The Daily Independent
- Type: Daily newspaper
- Format: Broadsheet
- Owner: CNHI
- Editor: Aaron Snyder
- General manager: Ashley Fletcher
- Founded: December 17, 1896; 129 years ago
- Language: English
- Headquarters: 1544 Winchester Avenue Ashland, Kentucky 41101 United States
- Circulation: 11,000 Daily
- Price: USD 2.00 daily, 3.00 Saturday/Sunday “Weekend Edition”
- Website: dailyindependent.com

= The Daily Independent (Ashland newspaper) =

Morning newspaper

The Daily Independent (also known as The Independent Weekend Edition and formerly known as The Independent from 2003 to 2015) is a morning newspaper covering the city of Ashland and surrounding areas of Boyd County, Kentucky. Previously published daily, the print schedule was reduced to five days a week (Mondays, Wednesdays, Thursdays, Fridays, and Saturdays as a "Weekend Edition") in April 2020. Since February 2026, it now publishes three days a week (Tuesdays, Thursdays, Saturdays). It is owned by CNHI. It does not publish on Christmas Day.

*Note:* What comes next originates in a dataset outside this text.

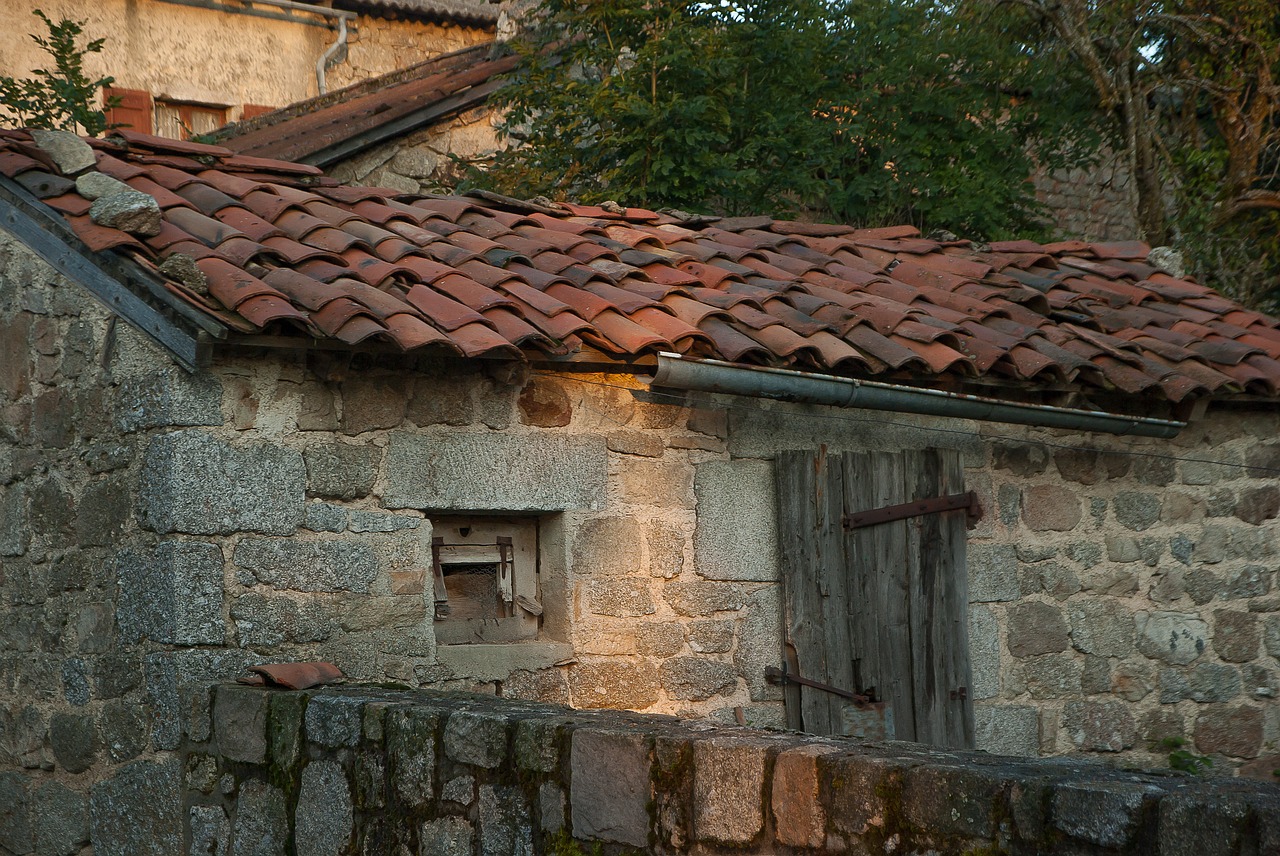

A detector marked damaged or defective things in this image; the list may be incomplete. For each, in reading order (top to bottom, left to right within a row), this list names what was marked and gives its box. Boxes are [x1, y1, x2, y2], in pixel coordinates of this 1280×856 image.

Launched December 17, 1896 as the Tri-State Independent Col. G. F. Friel of nearby Catlettsburg, Kentucky, the newspaper moved to 12th Street and Greenup Avenue in Ashland in 1900 as the Ashland Daily Independent; it absorbed the Ashland Commercial in the move. The first publication after the move was on December 17. The offices later relocated to 17th Street two years later, when it purchased the Ashland Daily News and discontinued it in that year. In 1920, it founded the Sunday Independent, and five years later, it doubled the size of its headquarters on 17th Street. In July 2025, the offices relocated to Winchester Avenue, inside the Community Trust Bank building.

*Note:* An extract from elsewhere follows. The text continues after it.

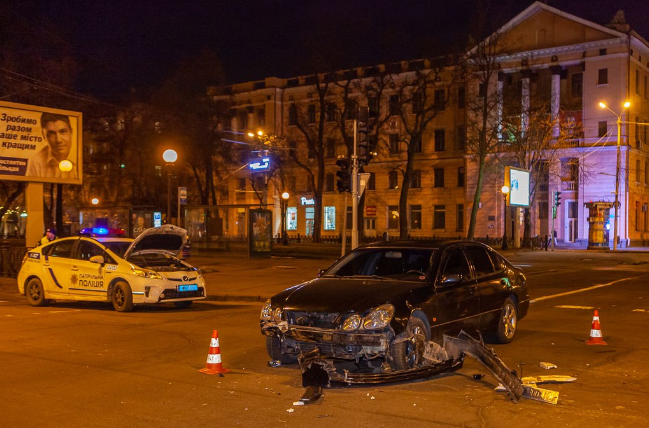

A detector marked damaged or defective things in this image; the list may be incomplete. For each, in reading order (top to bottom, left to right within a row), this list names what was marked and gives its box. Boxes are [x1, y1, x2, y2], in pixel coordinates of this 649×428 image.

detached bumper piece [298, 348, 460, 388]
damaged black sedan [260, 239, 528, 372]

After years of publishing in the afternoon on weekdays (and morning on weekends), The Independent switched to all-morning publication in May 2003, and dropped the "Daily" and "Sunday" from its nameplate. The newspaper's Website, however, retains the old name as part of its URL. However, as of 2015, the newspaper brought back "The Daily Independent" and "The Sunday Independent" namesake, following a redesign. "The Sunday Independent" namesake was dropped again in April 2020, following the shift to printing a "Weekend Edition" on Saturdays.

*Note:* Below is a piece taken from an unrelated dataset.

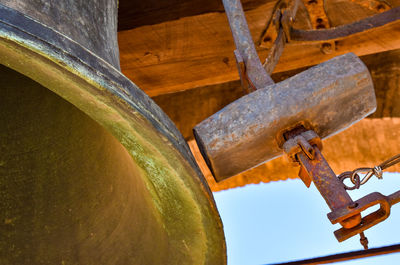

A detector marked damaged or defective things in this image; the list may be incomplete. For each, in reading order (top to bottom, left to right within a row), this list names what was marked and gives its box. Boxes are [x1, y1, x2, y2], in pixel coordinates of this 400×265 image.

rusty machinery [195, 0, 400, 250]
rusty metal rod [268, 242, 400, 262]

Colonel B.F. Forgey, an Ohio native who bought half an interest in the paper in 1910, is credited with guiding the paper's growth until his death in 1952. The newspaper continued to be privately owned until Ottaway Community Newspapers bought it in 1979, selling it to CNHI in 2002. The circulation in 1920 was 3,500 but increased to 17,000 by 1954 and peaked at 25,000 in 1980.